ABOUT THIS TASK -
For this exercise, please return exactly the line containing "Silivri&rsquo;de trafik ışığında" and each line after it through the end of the records, with no pictures included.

(Image-caption web data)
-- Opening Marker --

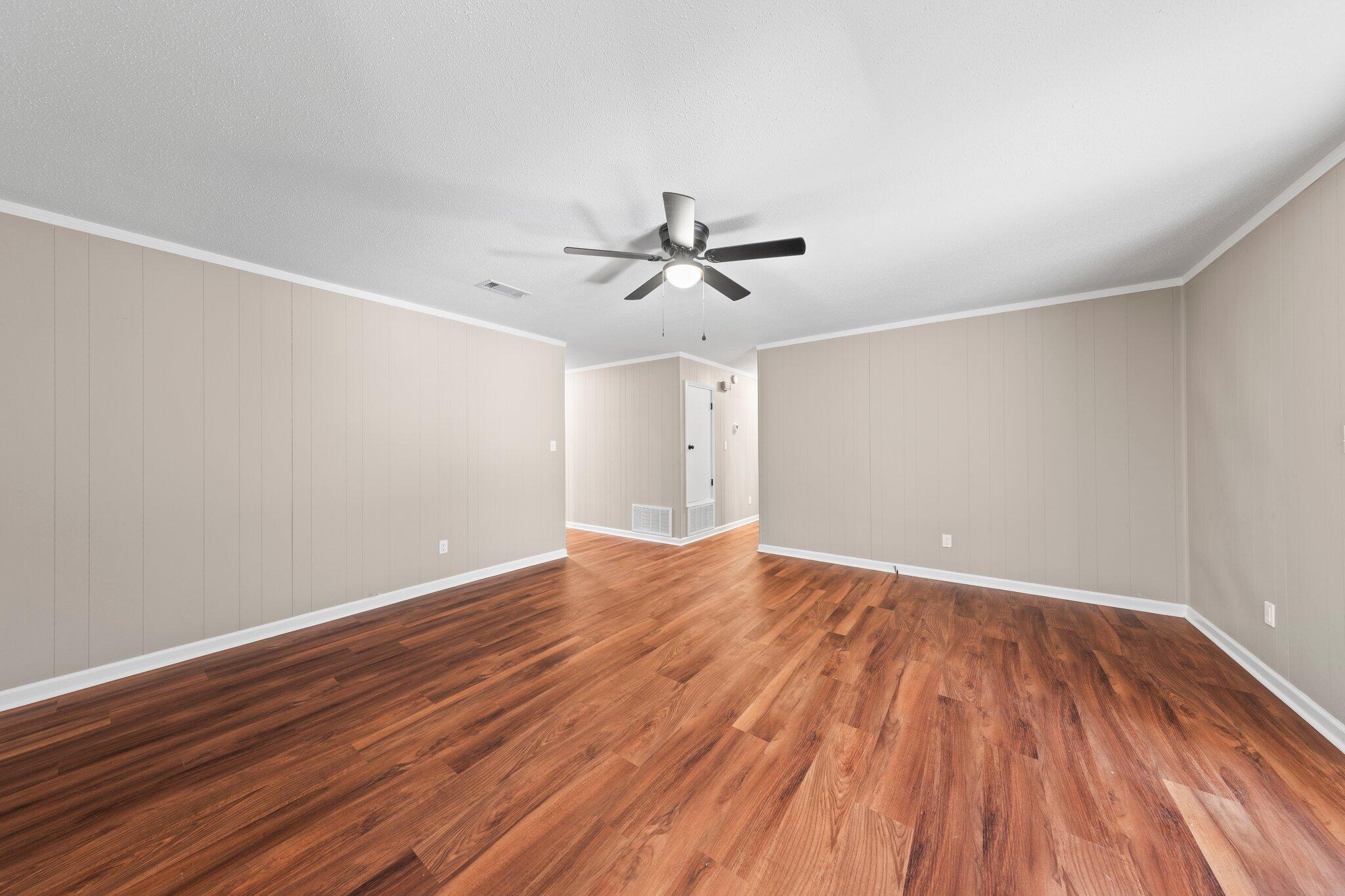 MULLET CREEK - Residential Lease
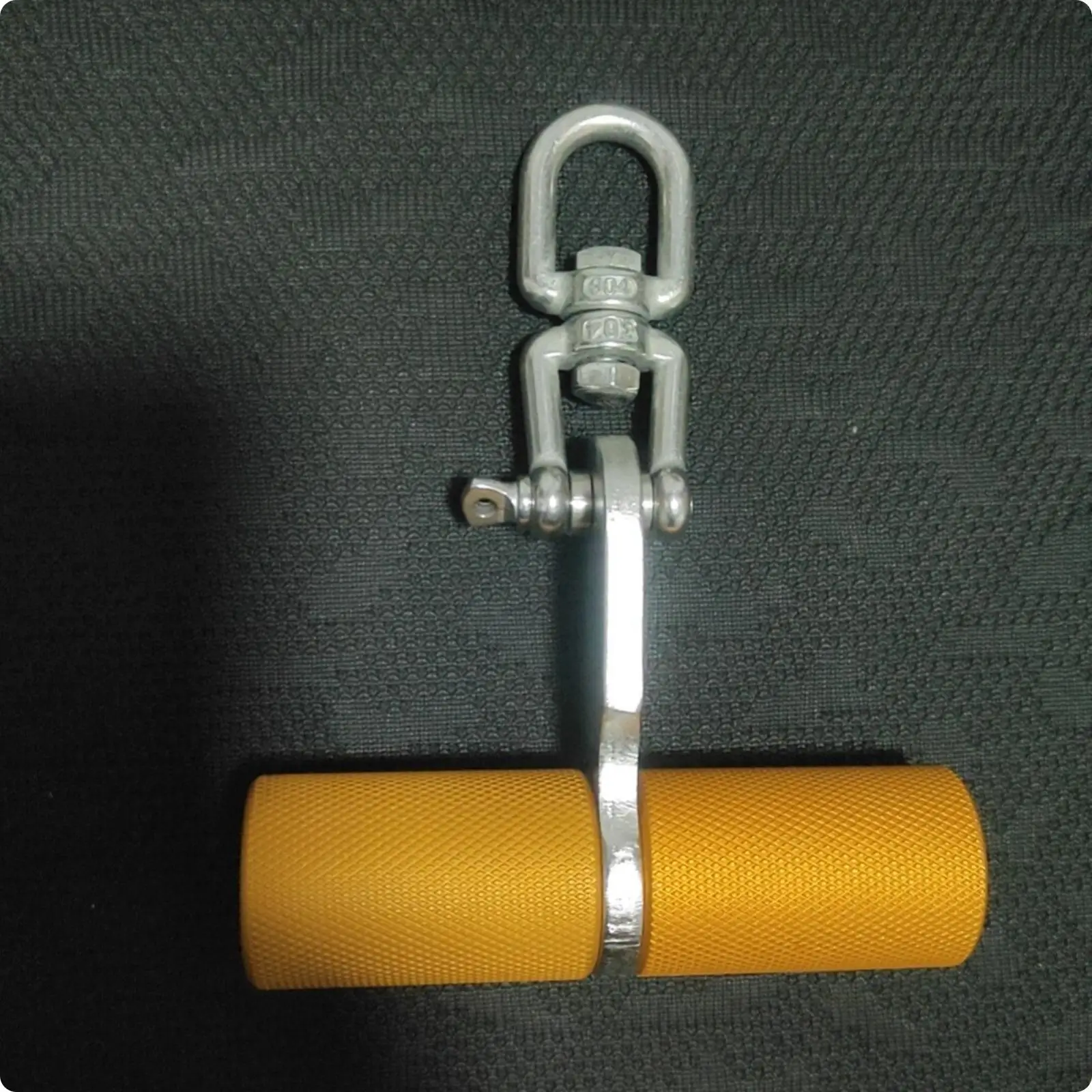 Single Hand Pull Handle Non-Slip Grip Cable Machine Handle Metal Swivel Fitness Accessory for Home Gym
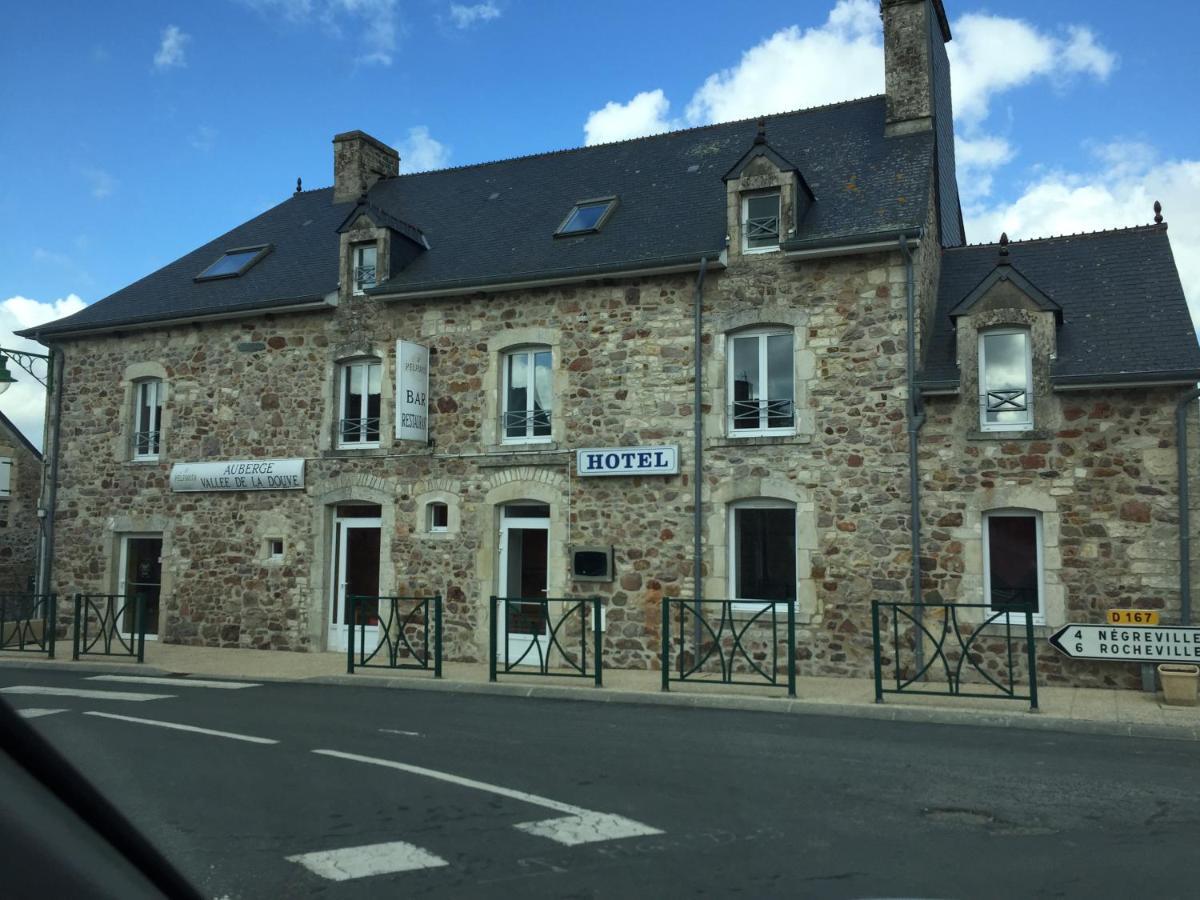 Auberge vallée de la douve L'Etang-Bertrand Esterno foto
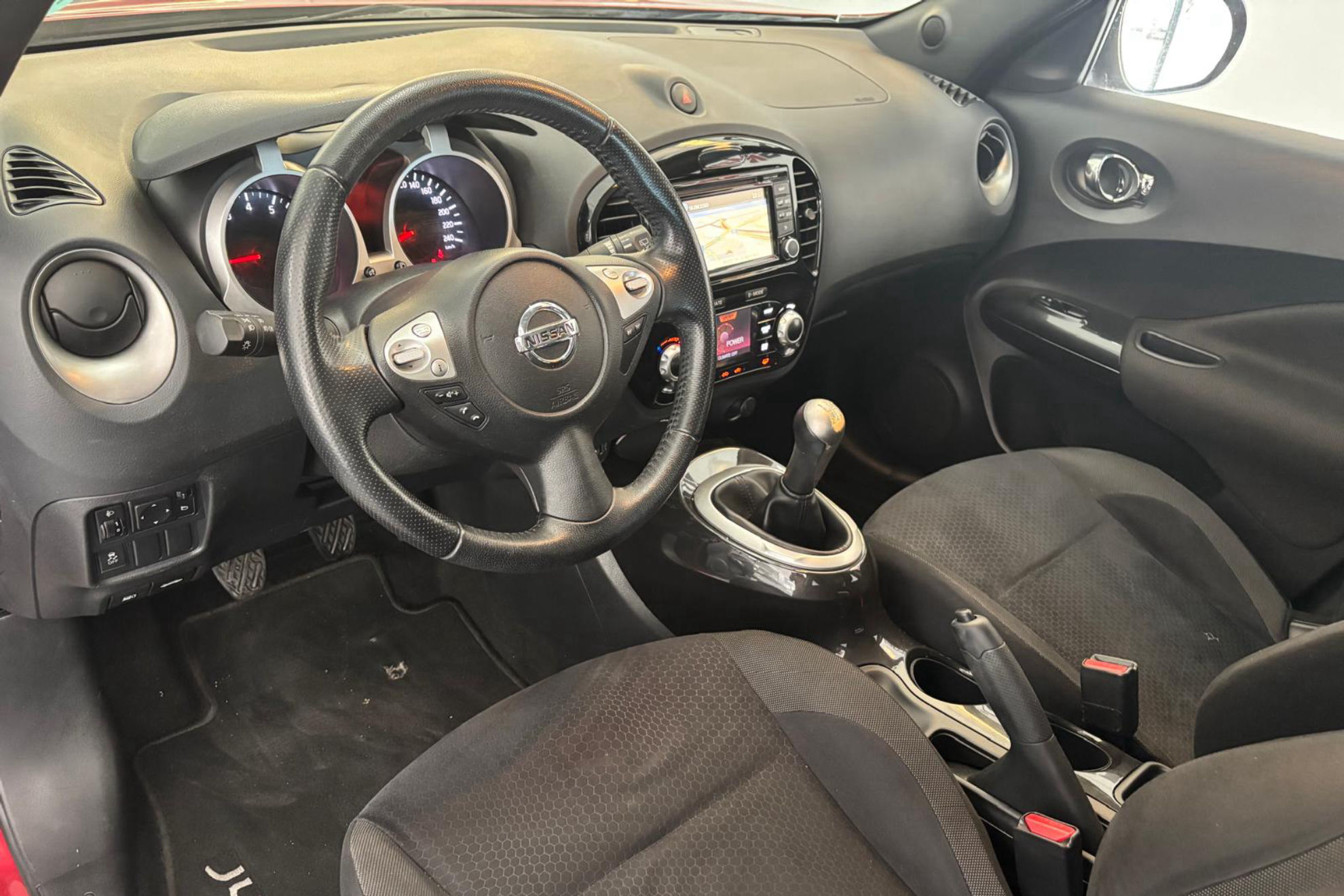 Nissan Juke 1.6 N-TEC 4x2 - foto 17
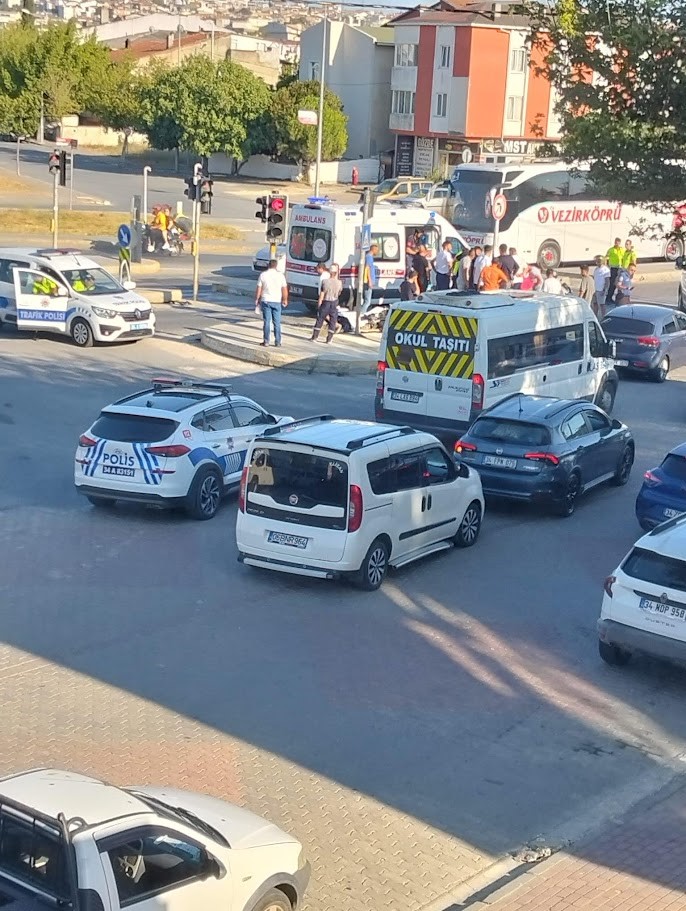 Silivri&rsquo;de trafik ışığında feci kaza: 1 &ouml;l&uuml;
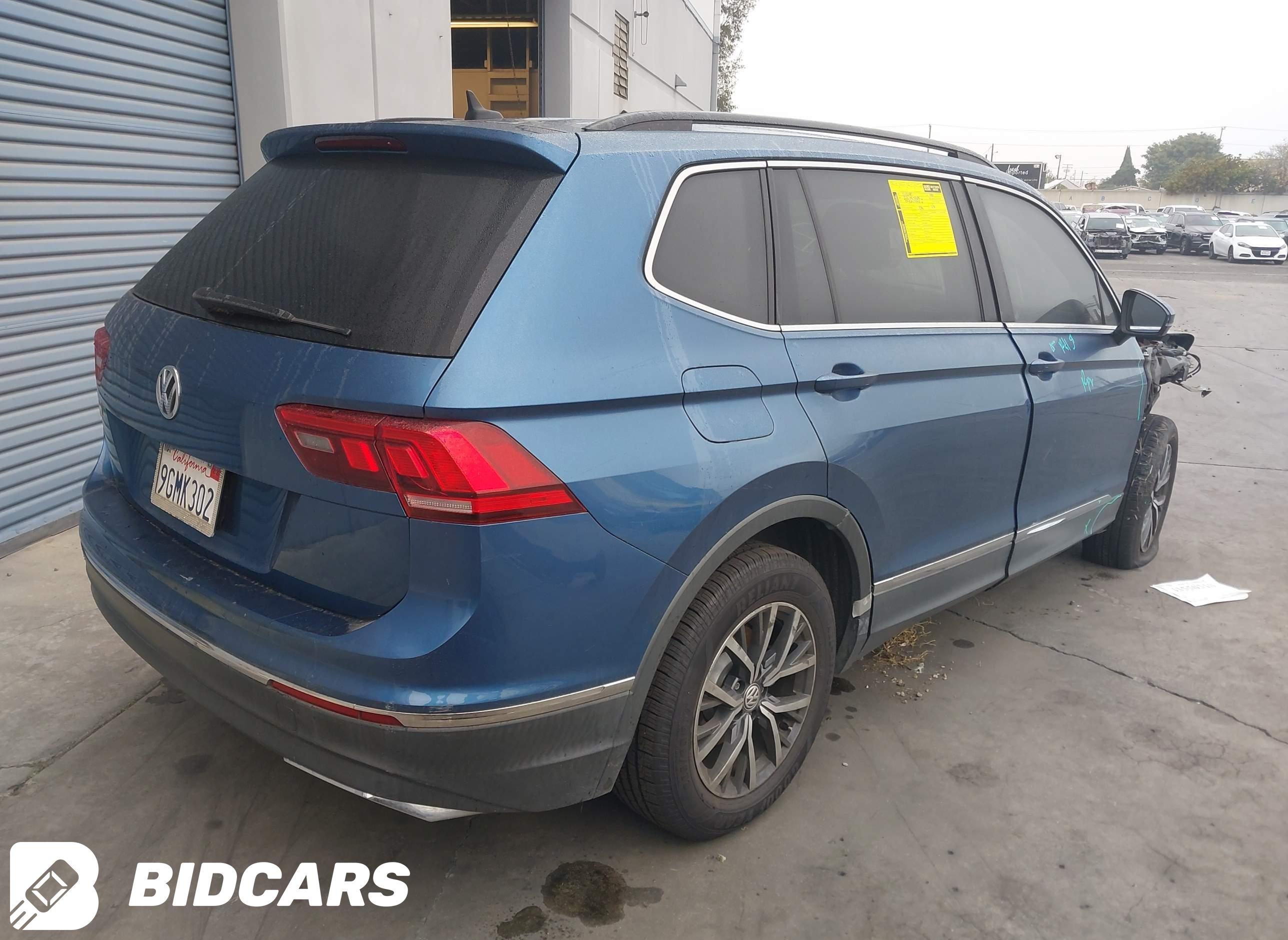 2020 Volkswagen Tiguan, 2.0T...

-- Closing Marker --

ANSWER -
 Silivri&rsquo;de trafik ışığında feci kaza: 1 &ouml;l&uuml;
 2020 Volkswagen Tiguan, 2.0T...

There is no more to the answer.